For acute coronary syndromes, first-line therapy should consist of a beta-blocker and ACEI. An ARB is a reasonable alternative to an ACEI.
- Diabetes Mellitus (ACEI or ARB, CCB, Thiazide Diuretic, or Beta-Blocker might be add-on agents)
All patients with diabetes and hypertension should ideally be treated with an ACEI or an ARB. The reason is that, pharmacologically, both of these agents should provide nephroprotection due to vasodilation in the efferent arteriole of the kidney. CCBs are the most appropriate add-on agents for BP control for patients with diabetes.
- CKD (ACEI or ARB)
Patients with hypertension may develop damage to either the renal tissue or the renal arteries. The rate of kidney function deterioration is accelerated when both hypertension and diabetes are present. Once patients have an estimated GFR <60 mL/min/1.73 m2 or albuminuria, they have significant CKD and risk of CV disease and progression to severe CKD increases. BP Control can slow the decline in kidney function.
In addition to lowering BP, ACEIs and ARBs reduce intraglomerular pressure, which can theoretically provide additional benefits by further reducing the decline in kidney function. ACEIs and ARBs have been shown to reduce progression of CKD in diabetes and in those without diabetes. However, it is difficult to differentiate whether the kidney protection benefits are from RAAS blockade versus BP lowering.
- Recurrent Stroke Prevention (Thiazide with/without ACEI)
Ischemic stroke (not hemorrhagic stroke) and transient ischemic attack are considered a form of hypertension-associated target-organ damage. Attaining goal BP values in patients who have experienced an ischemic stroke is considered a primary modality to reduce risk of a second stroke. A thiazide diuretic, either in combination with an ACEI or as monotherapy, is considered an evidence-based antihypertensive regimen for patients with a history of stroke or transient ischemic attack. Antihypertensive drug therapy should only be implemented after patients have stabilized following an acute cerebrovascular event.

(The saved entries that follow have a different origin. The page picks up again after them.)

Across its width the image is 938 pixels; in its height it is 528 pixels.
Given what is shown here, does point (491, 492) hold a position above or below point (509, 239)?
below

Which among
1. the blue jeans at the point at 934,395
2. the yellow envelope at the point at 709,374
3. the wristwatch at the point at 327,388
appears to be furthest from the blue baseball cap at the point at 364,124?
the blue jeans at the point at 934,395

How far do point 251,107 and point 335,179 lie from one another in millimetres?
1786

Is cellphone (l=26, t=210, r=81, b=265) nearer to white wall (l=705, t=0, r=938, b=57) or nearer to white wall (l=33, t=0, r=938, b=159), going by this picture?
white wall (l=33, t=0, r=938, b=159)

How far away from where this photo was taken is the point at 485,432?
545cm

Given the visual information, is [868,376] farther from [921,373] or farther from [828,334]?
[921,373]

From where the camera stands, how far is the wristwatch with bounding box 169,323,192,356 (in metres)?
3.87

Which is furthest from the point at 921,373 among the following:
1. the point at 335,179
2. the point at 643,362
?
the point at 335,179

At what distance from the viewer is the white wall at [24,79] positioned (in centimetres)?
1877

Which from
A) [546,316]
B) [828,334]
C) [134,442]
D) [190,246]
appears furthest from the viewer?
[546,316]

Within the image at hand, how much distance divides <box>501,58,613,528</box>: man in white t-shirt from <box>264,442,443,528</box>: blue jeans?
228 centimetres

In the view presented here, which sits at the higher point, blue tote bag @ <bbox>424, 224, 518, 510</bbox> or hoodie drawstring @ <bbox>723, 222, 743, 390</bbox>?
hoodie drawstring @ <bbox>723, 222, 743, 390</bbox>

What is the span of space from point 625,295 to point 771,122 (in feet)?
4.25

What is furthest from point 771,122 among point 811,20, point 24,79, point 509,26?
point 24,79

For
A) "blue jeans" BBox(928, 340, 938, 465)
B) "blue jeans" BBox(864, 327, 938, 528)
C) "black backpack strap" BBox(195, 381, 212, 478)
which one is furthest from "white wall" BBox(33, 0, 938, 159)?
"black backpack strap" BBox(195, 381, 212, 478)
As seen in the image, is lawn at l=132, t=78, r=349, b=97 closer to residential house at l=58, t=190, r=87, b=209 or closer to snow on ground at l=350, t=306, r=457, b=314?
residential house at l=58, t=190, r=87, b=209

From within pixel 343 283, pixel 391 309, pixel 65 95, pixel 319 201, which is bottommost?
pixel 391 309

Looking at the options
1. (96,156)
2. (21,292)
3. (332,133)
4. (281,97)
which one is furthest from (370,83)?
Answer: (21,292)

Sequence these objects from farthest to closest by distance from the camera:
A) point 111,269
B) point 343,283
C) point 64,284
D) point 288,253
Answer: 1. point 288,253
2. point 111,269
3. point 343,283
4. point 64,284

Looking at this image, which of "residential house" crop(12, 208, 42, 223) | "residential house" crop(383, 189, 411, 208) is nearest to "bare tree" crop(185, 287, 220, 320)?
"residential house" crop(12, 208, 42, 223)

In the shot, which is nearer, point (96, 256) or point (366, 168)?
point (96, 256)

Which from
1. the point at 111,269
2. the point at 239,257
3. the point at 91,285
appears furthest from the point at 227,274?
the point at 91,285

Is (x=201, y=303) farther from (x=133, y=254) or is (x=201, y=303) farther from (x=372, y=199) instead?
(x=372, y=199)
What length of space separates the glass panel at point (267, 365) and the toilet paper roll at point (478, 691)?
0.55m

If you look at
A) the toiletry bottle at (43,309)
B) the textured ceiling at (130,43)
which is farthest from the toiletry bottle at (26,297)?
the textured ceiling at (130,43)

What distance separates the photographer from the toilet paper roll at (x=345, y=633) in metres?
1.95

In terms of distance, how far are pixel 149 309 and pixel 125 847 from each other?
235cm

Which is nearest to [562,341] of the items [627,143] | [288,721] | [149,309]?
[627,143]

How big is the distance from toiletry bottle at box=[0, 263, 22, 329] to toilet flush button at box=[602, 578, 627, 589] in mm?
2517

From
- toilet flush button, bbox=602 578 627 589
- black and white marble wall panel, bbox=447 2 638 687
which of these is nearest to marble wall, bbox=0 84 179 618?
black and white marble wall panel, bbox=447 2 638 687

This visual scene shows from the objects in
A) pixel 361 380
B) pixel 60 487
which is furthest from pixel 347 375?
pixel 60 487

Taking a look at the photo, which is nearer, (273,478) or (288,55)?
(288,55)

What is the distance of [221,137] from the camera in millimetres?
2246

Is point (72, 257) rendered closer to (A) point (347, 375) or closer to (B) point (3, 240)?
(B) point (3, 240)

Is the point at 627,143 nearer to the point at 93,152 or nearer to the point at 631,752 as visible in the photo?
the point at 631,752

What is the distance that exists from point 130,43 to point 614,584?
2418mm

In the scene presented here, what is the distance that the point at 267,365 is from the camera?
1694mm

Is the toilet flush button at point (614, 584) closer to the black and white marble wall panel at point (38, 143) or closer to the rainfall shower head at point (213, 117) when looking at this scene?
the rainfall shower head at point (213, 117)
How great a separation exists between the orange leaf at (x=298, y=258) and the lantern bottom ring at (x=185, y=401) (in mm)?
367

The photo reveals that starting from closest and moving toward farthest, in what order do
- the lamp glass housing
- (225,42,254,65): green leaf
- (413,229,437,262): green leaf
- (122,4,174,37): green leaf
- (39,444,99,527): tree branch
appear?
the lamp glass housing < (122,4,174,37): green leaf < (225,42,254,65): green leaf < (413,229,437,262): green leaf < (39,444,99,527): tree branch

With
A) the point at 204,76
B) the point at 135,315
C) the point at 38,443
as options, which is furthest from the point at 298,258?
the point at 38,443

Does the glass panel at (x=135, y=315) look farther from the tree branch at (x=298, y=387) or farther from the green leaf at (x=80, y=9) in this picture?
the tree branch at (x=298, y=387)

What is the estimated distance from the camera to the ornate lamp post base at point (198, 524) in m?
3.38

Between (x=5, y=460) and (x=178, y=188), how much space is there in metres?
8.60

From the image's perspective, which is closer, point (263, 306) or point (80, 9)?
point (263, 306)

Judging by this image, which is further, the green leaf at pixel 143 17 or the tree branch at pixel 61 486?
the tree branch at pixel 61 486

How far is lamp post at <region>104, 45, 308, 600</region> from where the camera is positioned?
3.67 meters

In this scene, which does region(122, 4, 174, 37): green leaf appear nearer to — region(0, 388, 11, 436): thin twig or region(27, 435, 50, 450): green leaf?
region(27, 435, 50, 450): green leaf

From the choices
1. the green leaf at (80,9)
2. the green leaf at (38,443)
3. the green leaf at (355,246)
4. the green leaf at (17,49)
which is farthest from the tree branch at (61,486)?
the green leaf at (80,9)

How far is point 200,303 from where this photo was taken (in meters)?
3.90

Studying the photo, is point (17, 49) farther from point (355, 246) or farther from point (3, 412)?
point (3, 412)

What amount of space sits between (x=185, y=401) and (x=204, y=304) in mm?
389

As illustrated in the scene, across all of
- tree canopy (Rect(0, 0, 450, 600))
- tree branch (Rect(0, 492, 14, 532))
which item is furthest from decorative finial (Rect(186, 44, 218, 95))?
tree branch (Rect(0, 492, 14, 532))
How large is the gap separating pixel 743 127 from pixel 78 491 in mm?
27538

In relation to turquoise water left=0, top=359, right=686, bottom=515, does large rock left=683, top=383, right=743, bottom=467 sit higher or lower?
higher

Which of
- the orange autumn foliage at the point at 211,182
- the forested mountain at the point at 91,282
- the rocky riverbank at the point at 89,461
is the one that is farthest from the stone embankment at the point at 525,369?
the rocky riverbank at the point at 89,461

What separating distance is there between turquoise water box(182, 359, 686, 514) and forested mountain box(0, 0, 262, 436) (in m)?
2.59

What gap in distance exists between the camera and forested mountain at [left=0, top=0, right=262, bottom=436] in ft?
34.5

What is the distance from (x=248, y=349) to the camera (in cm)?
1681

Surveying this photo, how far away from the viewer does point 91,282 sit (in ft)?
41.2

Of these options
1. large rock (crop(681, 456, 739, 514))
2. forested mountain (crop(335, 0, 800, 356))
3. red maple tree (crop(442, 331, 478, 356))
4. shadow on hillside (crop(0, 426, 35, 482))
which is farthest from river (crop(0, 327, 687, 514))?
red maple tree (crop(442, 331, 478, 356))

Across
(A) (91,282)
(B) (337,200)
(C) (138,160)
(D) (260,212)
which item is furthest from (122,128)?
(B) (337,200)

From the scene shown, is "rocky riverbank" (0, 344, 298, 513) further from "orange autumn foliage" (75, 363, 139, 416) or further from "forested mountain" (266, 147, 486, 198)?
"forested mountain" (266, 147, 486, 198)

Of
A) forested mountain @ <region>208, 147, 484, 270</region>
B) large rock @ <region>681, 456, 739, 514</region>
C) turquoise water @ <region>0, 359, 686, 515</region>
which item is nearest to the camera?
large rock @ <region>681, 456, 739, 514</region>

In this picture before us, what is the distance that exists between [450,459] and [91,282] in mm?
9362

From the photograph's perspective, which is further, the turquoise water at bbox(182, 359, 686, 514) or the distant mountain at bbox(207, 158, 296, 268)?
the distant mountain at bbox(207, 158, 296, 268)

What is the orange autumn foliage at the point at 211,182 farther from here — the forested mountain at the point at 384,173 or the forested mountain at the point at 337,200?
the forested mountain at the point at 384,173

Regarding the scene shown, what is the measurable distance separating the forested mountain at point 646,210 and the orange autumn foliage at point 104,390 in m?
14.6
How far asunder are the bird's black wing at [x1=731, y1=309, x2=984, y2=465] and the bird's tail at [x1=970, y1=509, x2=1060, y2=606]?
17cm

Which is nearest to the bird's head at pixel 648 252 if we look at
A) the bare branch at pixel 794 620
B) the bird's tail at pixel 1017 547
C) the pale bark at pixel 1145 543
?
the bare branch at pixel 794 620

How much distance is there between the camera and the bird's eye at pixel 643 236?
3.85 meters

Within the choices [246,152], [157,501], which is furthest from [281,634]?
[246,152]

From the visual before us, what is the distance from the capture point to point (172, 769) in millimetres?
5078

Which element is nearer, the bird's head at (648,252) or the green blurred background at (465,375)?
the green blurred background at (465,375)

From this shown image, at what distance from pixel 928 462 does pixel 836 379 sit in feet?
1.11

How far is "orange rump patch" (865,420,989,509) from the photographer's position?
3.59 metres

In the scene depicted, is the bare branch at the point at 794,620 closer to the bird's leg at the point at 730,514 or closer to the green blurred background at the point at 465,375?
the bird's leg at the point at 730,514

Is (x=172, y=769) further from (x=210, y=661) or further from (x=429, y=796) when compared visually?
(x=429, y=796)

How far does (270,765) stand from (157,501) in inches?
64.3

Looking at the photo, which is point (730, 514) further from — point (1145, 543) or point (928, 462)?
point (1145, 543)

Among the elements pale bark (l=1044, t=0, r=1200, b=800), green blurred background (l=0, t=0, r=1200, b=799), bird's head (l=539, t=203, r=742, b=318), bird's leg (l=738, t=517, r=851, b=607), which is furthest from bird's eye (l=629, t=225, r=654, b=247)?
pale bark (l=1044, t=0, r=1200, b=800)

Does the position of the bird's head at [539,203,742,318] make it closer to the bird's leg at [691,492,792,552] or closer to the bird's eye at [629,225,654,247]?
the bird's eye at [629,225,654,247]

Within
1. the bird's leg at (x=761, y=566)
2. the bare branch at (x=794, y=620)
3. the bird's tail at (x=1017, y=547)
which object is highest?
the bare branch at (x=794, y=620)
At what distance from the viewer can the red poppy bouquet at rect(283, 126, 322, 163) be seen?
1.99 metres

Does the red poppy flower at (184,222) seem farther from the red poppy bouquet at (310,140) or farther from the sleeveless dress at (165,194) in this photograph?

Initial therapy with a combination of two drugs is highly recommended for patients with stage 2 hypertension and is an option of retreating patients with stage 1 hypertension. Also initial two-drug combination therapy may be appropriate for patients with multiple compelling indications for different antihypertensive agents. Clinicians should anticipate the need for combination drug to control BP in most patients. Besides, using low-dose combinations provides greater reductions in BP compared with high doses of single agents and appropriately increasing the number of antihypertensive medications to attain goal BP values does not increase the risk of adverse effects.